Not installing Tiller due to 'client-only' flag having been set
++ timeout -s KILL 30 helm_v2 ls --all '^rke2-ingress-nginx$' --output json
++ jq -r '.Releases | length'
[storage] 2024/10/22 17:11:05 listing all releases with filter
+ V2_CHART_EXISTS=
+ [[ '' == \1 ]]
+ [[ '' == \v\2 ]]
+ shopt -s nullglob
+ [[ -f /config/ca-file.pem ]]
+ [[ -f /tmp/ca-file.pem ]]
+ [[ -n '' ]]
+ helm_content_decode
+ set -e
+ ENC_CHART_PATH=/chart/rke2-ingress-nginx.tgz.base64
+ CHART_PATH=/tmp/rke2-ingress-nginx.tgz
+ [[ ! -f /chart/rke2-ingress-nginx.tgz.base64 ]]
+ base64 -d /chart/rke2-ingress-nginx.tgz.base64
+ CHART=/tmp/rke2-ingress-nginx.tgz
+ set +e
+ [[ install != \d\e\l\e\t\e ]]
+ helm_repo_init
+ grep -q -e 'https\?://'
+ [[ helm_v3 == \h\e\l\m\_\v\3 ]]
+ [[ /tmp/rke2-ingress-nginx.tgz == stable/* ]]
+ [[ -n '' ]]
+ helm_update install --set-string global.clusterCIDR=10.42.0.0/16 --set-string global.clusterCIDRv4=10.42.0.0/16 --set-string global.clusterDNS=10.43.0.10 --set-string global.clusterDomain=cluster.local --set-string global.rke2DataDir=/var/lib/rancher/rke2 --set-string global.serviceCIDR=10.43.0.0/16
+ [[ helm_v3 == \h\e\l\m\_\v\3 ]]
++ helm_v3 ls --all -f '^rke2-ingress-nginx$' --namespace kube-system --output json
++ jq -r '"\(.[0].chart),\(.[0].status)"'
++ tr '[:upper:]' '[:lower:]'
+ LINE=rke2-ingress-nginx-4.8.200,uninstalling
+ IFS=,
+ read -r INSTALLED_VERSION STATUS _
+ VALUES=
+ [[ install = \d\e\l\e\t\e ]]
+ [[ rke2-ingress-nginx-4.8.200 =~ ^(|null)$ ]]
+ [[ uninstalling =~ ^(pending-install|pending-upgrade|pending-rollback)$ ]]
+ [[ uninstalling == \d\e\p\l\o\y\e\d ]]
+ [[ uninstalling =~ ^(deleted|failed|null|unknown)$ ]]
+ echo 'Installing helm_v3 chart'
+ helm_v3 install --set-string global.clusterCIDR=10.42.0.0/16 --set-string global.clusterCIDRv4=10.42.0.0/16 --set-string global.clusterDNS=10.43.0.10 --set-string global.clusterDomain=cluster.local --set-string global.rke2DataDir=/var/lib/rancher/rke2 --set-string global.serviceCIDR=10.43.0.0/16 rke2-ingress-nginx /tmp/rke2-ingress-nginx.tgz
Error: INSTALLATION FAILED: cannot re-use a name that is still in use

In particular, this happens with the rke2-ingress-nginx Helm chart, which gets marked for uninstallation and then fails upon reinstallation due to the chart name already being in use.

Steps To Reproduce:

RKE2 Installation: Perform a minor upgrade from v1.26.10+rke2r1 to v1.26.15+rke2r1. Observe Helm charts intermittently attempting to reinstall.

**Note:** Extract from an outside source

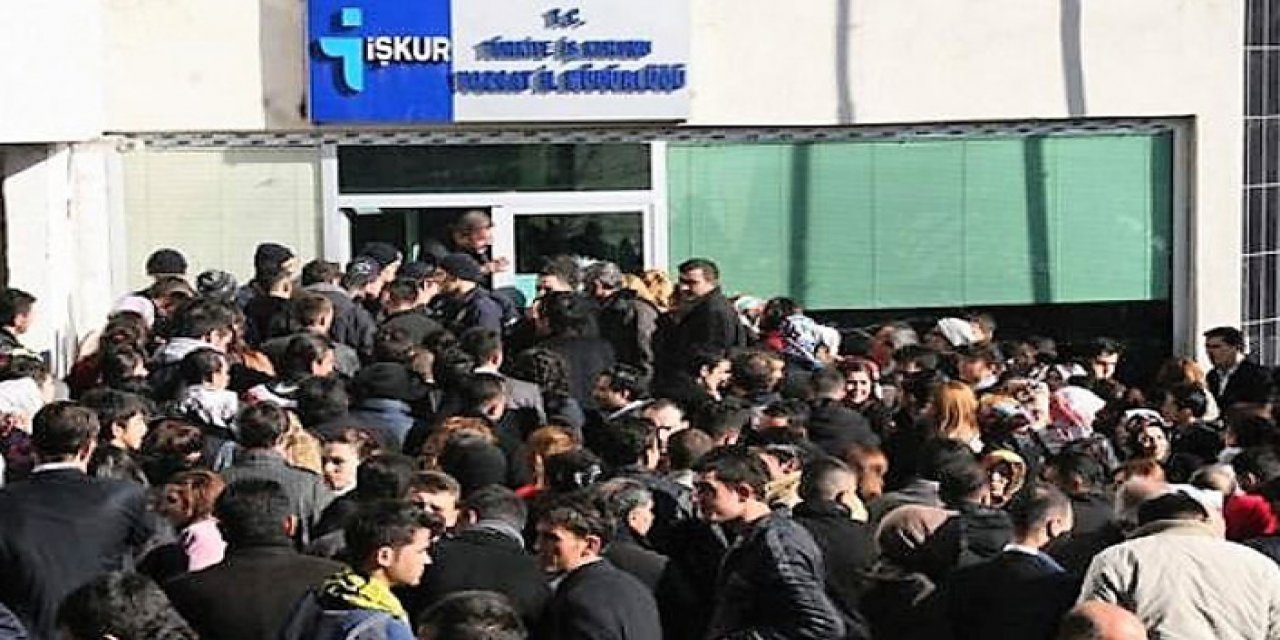 TÜİK İşsizlik rakamları açıklandı!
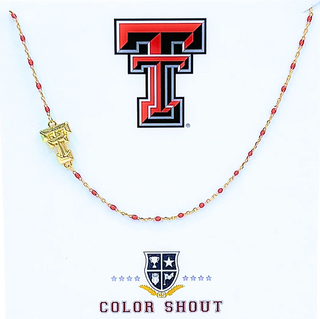 The College Logo Necklace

Method: Airgap https://docs.rke2.io/install/airgap

Expected behavior:

Helm charts should be installed once without repeated reinstallation attempts.

Actual behavior:

RKE2 repeatedly attempts to install Helm charts even when they are already installed. This primarily affects the rke2-ingress-nginx chart, which first gets marked for uninstallation but then fails during reinstallation. Each time the issue occurs, we manually delete the Helm chart's associated secrets, delete the pod, and it is recreated and installed successfully. However, the issue recurs, as if the Helm chart installations are stuck in a loop.

Additional context / logs:

Logs from Journalctl -x rke2-server: journalctl-server-node.txt

brandond commented 3 weeks ago

LINE=rke2-ingress-nginx-4.8.200,uninstalling

The current chart is stuck in the uninstalling state. This usually occurs when the upgrade is interrupted for some reason, so the chart controller tries to uninstall and reinstall it again, and this process is (again) interrupted.

The most frequent cause of interrupted helm jobs is rebooting or restarting the node that is running the upgrade job; if possible you should give nodes more time to settle during the upgrade process.

The helm job pod in the version of RKE2 that you're using does not handle the chart getting stuck in uninstalling. RKE2 1.26 is end of life, and newer releases handle this better. If you are unable to upgrade, you'd need to delete the Helm rke2-ingress-nginx release secret from the kube-system namespace, so that the chart can be successfully reinstalled - assuming that you do not again interrupt the helm job pod.

gercoss-bgh commented 3 weeks ago

Hi @brandond! Thanks for the quick response! We are planning to upgrade to v1.29.9+rke2r1, but before doing so, we'd like to better understand why this issue is occurring during our current upgrade process.

During the node upgrades, we encountered a similar issue where the Helm pods failed, even though the nodes were not rebooted or restarted. Would doing the upgrade be the better option?

brandond commented 3 weeks ago

You do need to step through Kubernetes minors, so directly upgrading to 1.29 is not an option - you need to go to the latest 1.27, then 1.28, then 1.29.

We don't generally see a lot of helm jobs get stuck. Some amount of retries are to be expected while the upgrade is in progress. If you're doing this by hand, I would probably upgrade all the server nodes, then wait for the Helm jobs to complete successfully (it may take a few retries), and then upgrade the agents.